Mi riferisco alla mia famiglia. Normalmente, Carla mia moglie, romagnola doc, è una donna abbastanza tranquilla. Ascolta Radio Maria, si confessa al prete, e si reca alla messa regolarmente. E buona notte. Se ne frega del calcio. Ma ogni volta che la nazionale di calcio italiana scende in campo diventa una feroce bestia - una specie di astuta serpe scatenata. E dimostra - ma tu guarda un po' - una strana competenza tecnica in riguardo. Ad esempio, quando ha segnato Mario Balotelli contro l'Irlanda al campionato di calcio europeo del 2012 non ero in casa ma mi ha telefonato subito per gridarmi: «Hai visto la rovesciata di Balotelli?» Una rovesciata, addirittura. Che donna. A volte, confesso, mi pento di non essere un musulmano: loro, sì, riescono a domare le loro donne, o no? Ma la mia pena, ogni volta che si sono i mondiali o gli europei, non finisce con la moglie. Figuriamoci. Nel mezzo, e fino al collo, ci sono coinvolti anche i nostri cinque figli, dai 10 anni in giù (tre femmine, e due maschi). Ieri, ho chiesto al maschio più grande, Francesco Winston, che ha 8 anni e che da mancino è in possesso di un sinistro micidiale: «Allora, per chi tifi? L'Inghilterra o l'Italia?». «L'Italia» mi ha risposto secco, il mio mostriciattolo. Ma come? «Ma sono italiano, papà», ha spiegato. Che Dio ci salvi. Agli europei del 2012 quando Balotelli segnava il suo secondo gol Francesco ballava e saltava come Hitler a Compiègne, vicino a Parigi, dopo la firma della resa francese del 22 giugno 1940. Nel frattempo, la Carla, da brava credente praticante, gridava: «Sì!!! Sai dove puoi mettere il tuo spread Merkel adesso!?». Caterina, invece, la più grande che ha 10 anni, com'è messa? «Mi piacciono tutti i due, papà, voglio il pareggio». diceva. Va beh, meglio di niente al limite.

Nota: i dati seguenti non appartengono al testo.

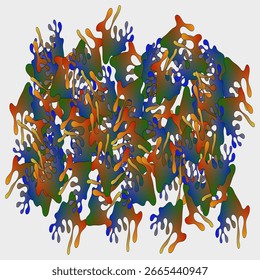 An abstract artwork featuring interlocking organic shapes in vibrant yellow, red, green, black, and gray. The fluid, amoeba-like forms overlap and create a dynamic, colorful composition on a light bac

Gli altri tre, nel frattempo, si accontentavano a cantare «Fratelli d'Italia» ogni tanto come le pecore nell'Animal Farm di George Orwell - tutti succubi del fascino del paese in cui furono nati da un padre inglese. Io, d'altronde - lo confesso e non è, lo so, una bella cosa - tifo sempre per l'avversario della nazionale italiana. E quando vince l'avversario sorrido di nascosto e sotto i baffi. Amo l'Italia ma mi da tanto fastidio, specialmente nel campo lavorativo-burocratico, e la vorrei distruggere per ricominciare da capo. Fatto sta: io sono inglese. Insomma, lasciamo stare i musulmani che non si integrano. Neppure, io, inglese, mi integro. Potrei, volendo, diventare un italiano, essendo residente in Italia da più di 10 anni. Lo voglio fare? Non scherziamo.

Ecco perché uno Stati uniti d'Europa non ci sarà mai. Il calcio ce lo insegna. Cerchiamo di immaginare una squadra di calcio europea. L'idea è inconcepibile. Evviva l'Inghilterra! E evviva l'Italia! Evviva i mondiali del calcio!